In the obese static phase, energy balance is regained. A new, stable (though increased) body weight is established which will, again, be vigorously defended by intrinsic regulators.

Tight regulation of the newly established weight creates the potential to add a fourth phase, the

resistance phase where increased effort is required to sustain weight loss. Rapid weight regain

following reduction of body weight is not uncommon as neuro-hormonal weight regulation by the hypothalamus favours weight increase in response to weight loss (Clement, 2011:S8).

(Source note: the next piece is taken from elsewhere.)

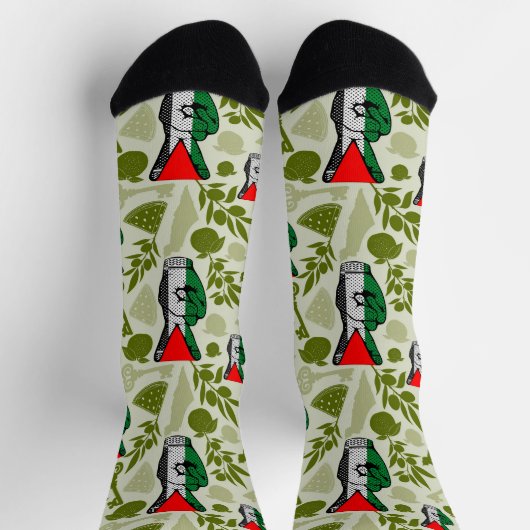 Victory Sign Hand Resistance Red Triangle Symbol Sokken (Top)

2.3.1.1 Neuro-hormonal control of body weight

Yüksel (2009:58) describes neuro-hormonal regulation of appetite and body weight in the context of central and peripheral regulation. Hormonal and metabolic signals from the periphery are received by the central nervous system, which determine energy homeostasis within the hypothalamus. Peripheral regulators include hormonal signals by adipose tissue (adipokines, such as adiponectin and leptin) and gut hormones (enterokines, such as ghrelin, peptide YY, glucagon-like peptide-1 (GLP-1), gastric inhibitory polypeptide (GIP) and cholecystokinin (CCK). Release of these bioactive substances regulates multiple aspects of energy homeostasis in a coordinated way to maintain a stable degree of body weight and whole-body energy balance. However, disturbance in one or more of these mechanisms is associated with metabolic syndrome and weight gain. For example, adiponectin levels are decreased in individuals with high proportions of visceral fat. Since adiponectin protects against development of type 2 diabetes mellitus and cardiovascular disease, low levels associated with central obesity is causally related to development of the metabolic syndrome (Kassi et al., 2011:4).